DINHEIRO – Novas tecnologias têm ajudado a promover melhoras de produtividade no campo. Quais os benefícios da agricultura 4.0 para a população global?

JOÃO BOSCO MONTE – O conceito de agricultura 4.0, assim como no caso da indústria 4.0, prevê o uso de ferramentas baseadas em Internet das Coisas, Inteligência Artificial e outras formas de de automação de processos e aumento da produtividade. Assim como no Brasil, isso já existe em alguns países da África, que usam o mesmo maquinário do nosso agro. Eles conhecem programas de comunicação móvel para obter informações sobre o clima, empregam drones na lavoura e coleta de dados para ganhar escala. Eu me lembro que estava em Camarões e um produtor pediu minha ajuda para obter uma semente do Brasil que produzia dez vezes mais. Isso é possível, mas depende de protocolos de cultivo e, acima de tudo, de qualificação. Tecnologia não é só semente, irrigação, colheitadeira. O sucesso do emprego de tecnologia depende de pessoas qualificadas e que possam enxergar novas saídas.

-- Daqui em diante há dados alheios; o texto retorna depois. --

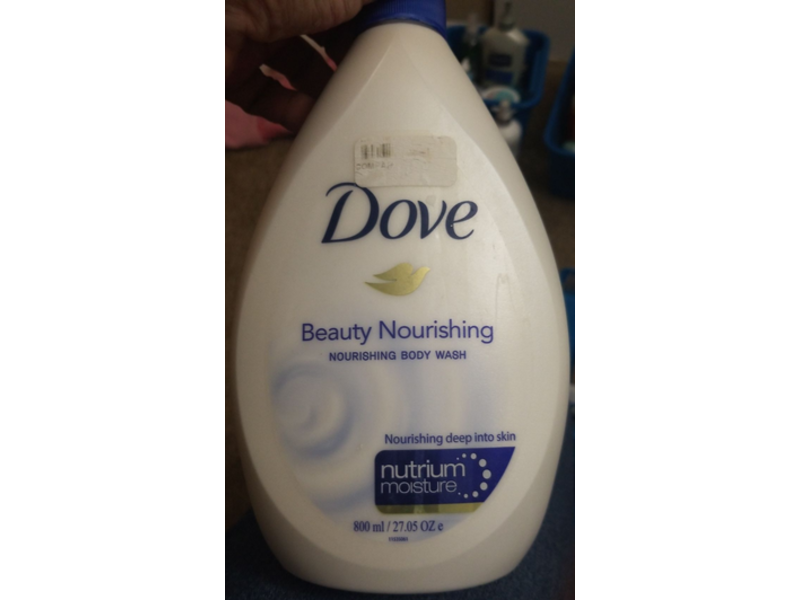 Dove Beauty Nourishing Body Wash, Nutrium Moisture, 27.05 oz/800 mL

DINHEIRO – Entre 2004 e 2014, as exportações brasileiras para países africanos cresceram 131%. Qual a projeção para os próximos dez anos?

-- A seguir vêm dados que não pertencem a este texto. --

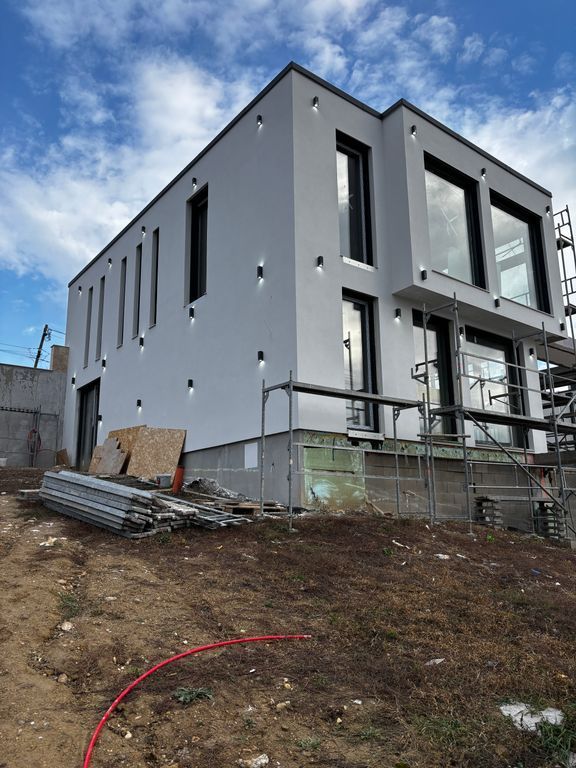 Homlokzati díszvilágítás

JOÃO BOSCO MONTE – A África importa mais do que exporta para o Brasil. Recebemos fosfato do Marrocos, petróleo da Nigéria e de Angola. O Egito, que tem 100 milhões de habitantes, importa do Brasil 80% da proteína animal que consome. Há possibilidade de exportar até carne de porco para a população cristã do Egito. Eles são apenas 10% do total do país, mas são 10 milhões de pessoas. Isso pode abrir mercado para produtos brasileiros. Gana importa ovos. Podemos vender mais ovos, frango, porco, carne bovina processada… O Brasil precisa pensar em outros mercados e a África tem 1,4 bilhão de pessoas, com países onde o PIB cresce acima da média global.

DINHEIRO – Quais as principais oportunidades ainda não exploradas no comércio entre Brasil e África?

JOÃO BOSCO MONTE – É importante que os empresários brasileiros entendam as dimensões e as necessidades dos países africanos e tenham a vontade de buscar espaços lá como fazem outros países. A Rússia recentemente albergou um encontro de uma semana com líderes africanos. O Afreximbank fez sua reunião anual em Moscou. Enquanto o Brasil não enxergar a África como um possível parceiro de negócios, as oportunidades serão desperdiçadas, seja de nós vendermos mais produtos para lá ou de eles consumirem produtos feitos na África com tecnologia brasileira.

DINHEIRO – A China tem feito grandes investimentos na África. Quais as lições desse movimento?

JOÃO BOSCO MONTE – A China está na África porque tem necessidade de apresentar respostas aos seus desafios. Ela não é autossuficiente em matérias-primas, por ter uma população muito grande, e buscou na África parcerias estratégicas. A China está provendo uma infraestrutura na África que outros países não fizeram. Ela não faz isso porque quer ajudar de forma solidária. Faz para ter retorno. Se o Brasil investisse, também teria retorno. O africano quer conversar com o brasileiro, com quem tem relações históricas e culturais. Quando o Brasil fechou o escritório do BNDES em Johanesburgo, a sinalização foi de que não havia interesse em investir. O Brasil precisa aprender com a China a olhar com avidez para a África.